### Material shown
* * * * * * * * *
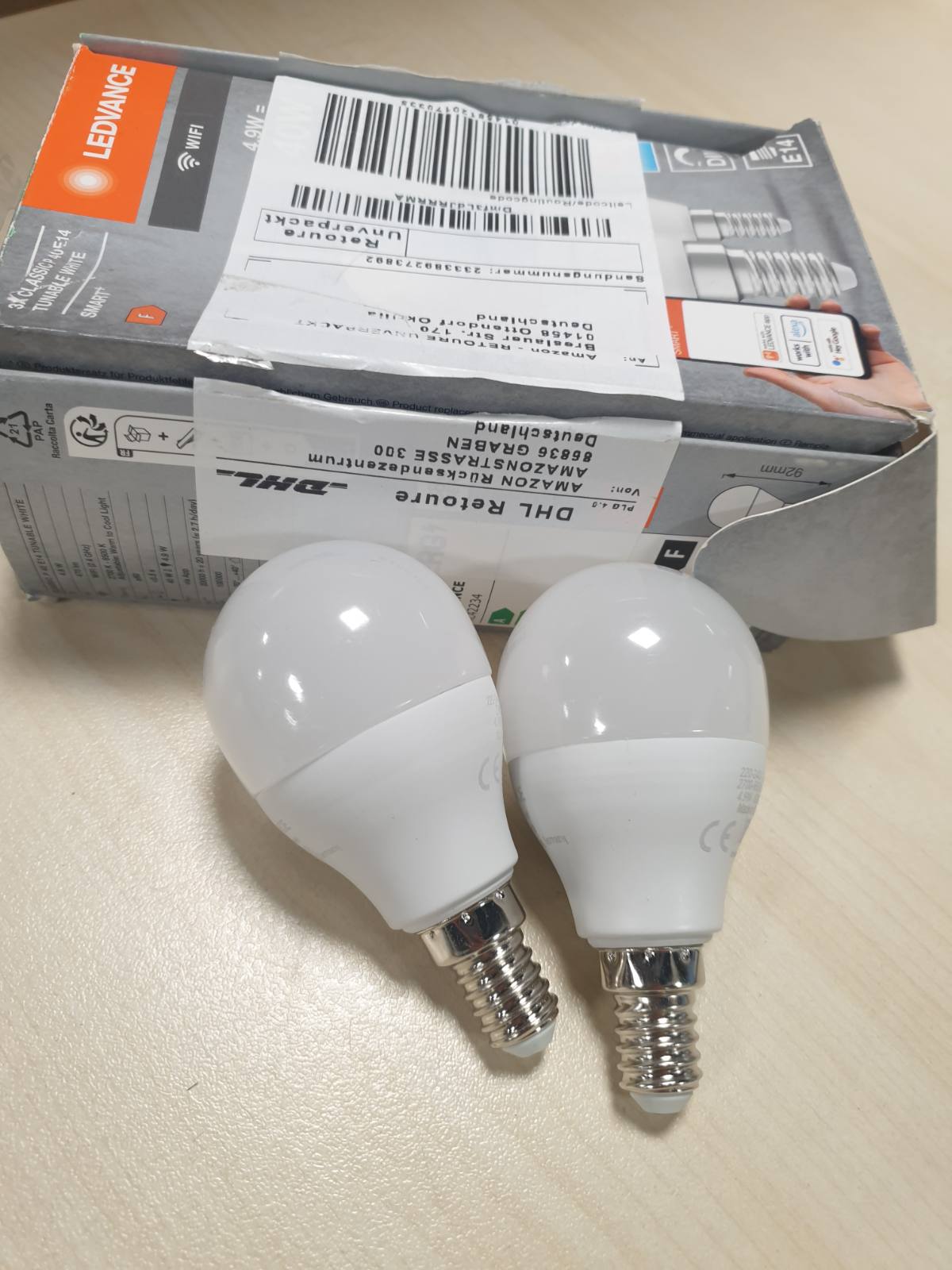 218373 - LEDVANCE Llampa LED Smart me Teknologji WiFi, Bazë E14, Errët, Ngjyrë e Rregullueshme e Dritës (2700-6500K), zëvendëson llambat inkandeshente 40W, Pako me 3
* * * * * * * * *
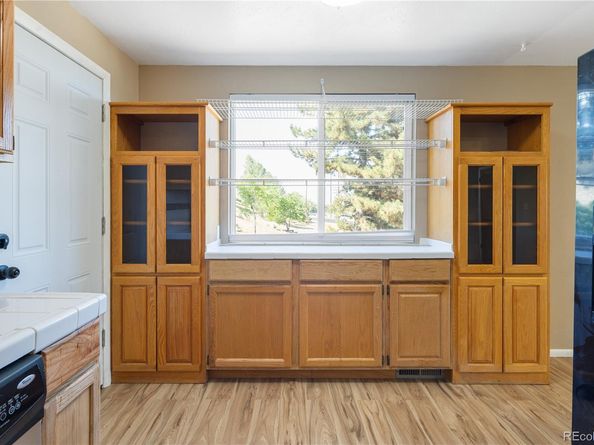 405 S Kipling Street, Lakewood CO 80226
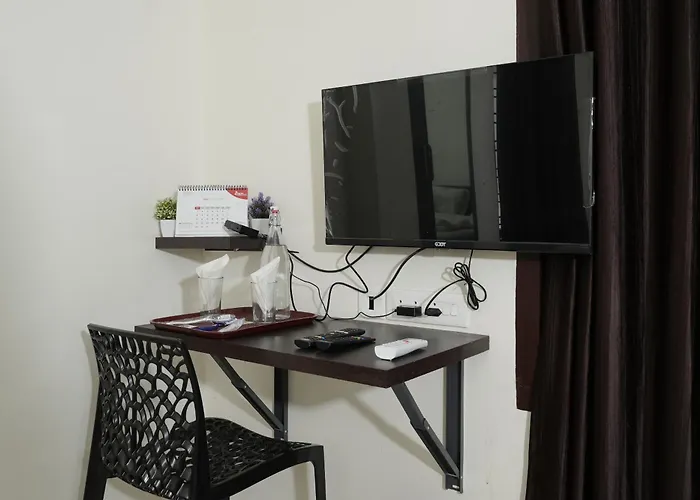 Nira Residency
* * * * * * * * *
### Assignment
The copy should hold exactly the lines above from the one with "405 S Kipling Street, Lakewood CO 80226" through the one with "Nira Residency", both ends counted, and no pictures at all.

### Task response
 405 S Kipling Street, Lakewood CO 80226
 Nira Residency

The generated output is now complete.